Really, I said. What are you so excited about? Driving? Senior prom? Graduation day? Graduation gifts?
Nope. We get to go on Senior Lawn, she said.
Senior what?
Senior Lawn — it’s the grass at school that only the seniors get to walk on. When I’m a senior, our class will take over Senior Lawn, she said decidedly.
I had heard about senior parking lots and senior pictures, but a lawn just for seniors was news to me.
What happens on Senior Lawn?, I asked.
Nothing, she said, but it’s senior territory. No one else is allowed there.
About a week later, at back-to-school night, just as I was about to cross a completely unremarkable grassy area between one school building and another, my daughter yanked on my arm.
You can’t walk on there, she said. That’s Senior Lawn.
Oooh, at last, the infamous Senior Lawn. I looked down. There was no sign designating the turf. No red velvet rope to keep out the 9th-, 10th- and 11th-graders. It was just some green grass, patchy in spots, and some benches. Nothing overly senior-ish about it.
What’s the big deal?, I said. I’m a parent. I happen to be paying for your education, I reminded her. I can walk on Senior Lawn.
No mom, she hissed. Do not walk on Senior Lawn. She gave me one of those looks that us moms know. This was non-negotiable. I should stay off Senior Lawn.
I looked around. None of the other parents were walking on Senior Lawn either. Apparently, they had also gotten the same “Stay off Senior Lawn” lecture.
OK, OK, I said, raising up my hands in surrender. No problem. I’ll go around.
What happens if you walk on Senior Lawn?, I asked her later.
She gave me the “If you have to ask, you definitely don’t deserve to know” look.
I persisted. Really, I said. What if you put one toe on Senior Lawn? What if you were just walking along minding your own business, la dee dah, and you fell onto Senior Lawn by accident? What if the buildings were on fire and you had to evacuate and Senior Lawn was your only refuge from conflagration?
She ignored me.
Fast-forward four years, and our oldest has just started her senior year. She and her fellow 12th-graders have finally claimed their birthright — Senior Lawn.
It also happens that our middle daughter is a freshman at the same high school. She’s heard the legend of Senior Lawn. As the sister of a senior, she might have hoped for an invitation onto the grass, but that idea was quickly shot down.
Don’t even think about it, her big sister said.
I thought of our own lawn at home. Technically, it would be known as “Dad’s Lawn,” but maybe I needed to re-evaluate that whole concept. Think outside the box.
What if we marked off sections of our back yard? Each of the three girls could be allocated her own personal area. We could have Huffman Senior Lawn, Huffman Freshman Lawn and Huffman Sixth-Grade Lawn.
When the girls are fighting or someone needs a time-out, we could just send each to her own personal section of lawn.

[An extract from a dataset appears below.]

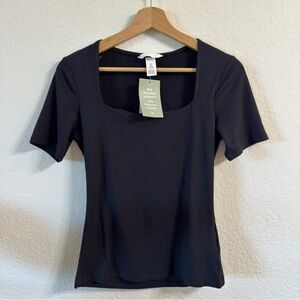 NWT H&M Black Short Sleeve Top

No one else would be allowed to walk on the other person’s part of the lawn. Each girl would be responsible for taking care of her own section, providing a clever and economical solution to weekly mowing and poop scooping duties. I’m pretty sure Dad would be more than happy to sublease his lawn to the girls in exchange for some free lawn care.
I see that back-to-school night at the high school is coming up. This year, I just have one question for our oldest daughter.
Now that I’m a parent of a senior, do I get to go on Senior Lawn?
1 comment:
Ha hahahahaa! I came back to re-read this piece. Hil-ar-ious. I like the questioning you did on the 'Senior Lawn' protocol. Reminded me of being in High School. Nice.